Given data –
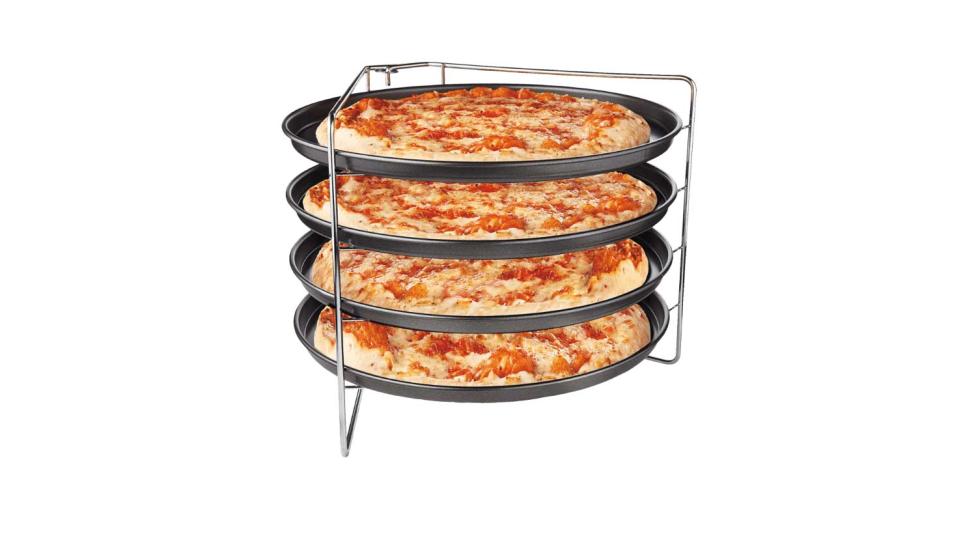 Vier pizza’s tegelijk bakken met deze set van Aldi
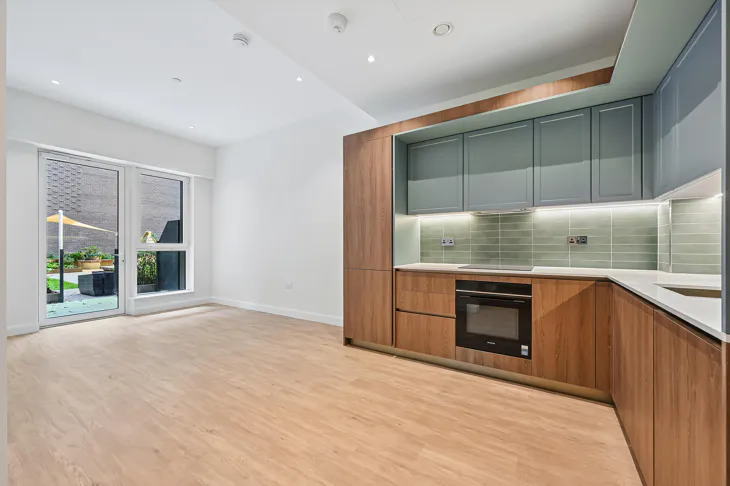 Flat Vauxhall Street in Greater London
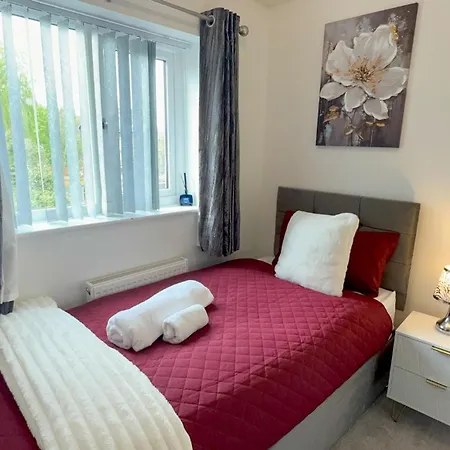 Apartament Contractor Stays, Fast Wifi, Free Parking, Work *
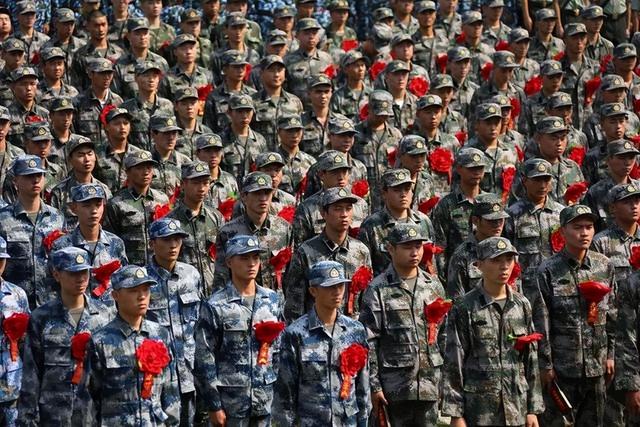 教育业|高三入伍和大一入伍有什么区别？别选错了，待遇差别非常大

Problem requirements –
Everything in the data must be printed verbatim except the pictures.

Output for this exercise –
 Vier pizza’s tegelijk bakken met deze set van Aldi
 Flat Vauxhall Street in Greater London
 Apartament Contractor Stays, Fast Wifi, Free Parking, Work *
 教育业|高三入伍和大一入伍有什么区别？别选错了，待遇差别非常大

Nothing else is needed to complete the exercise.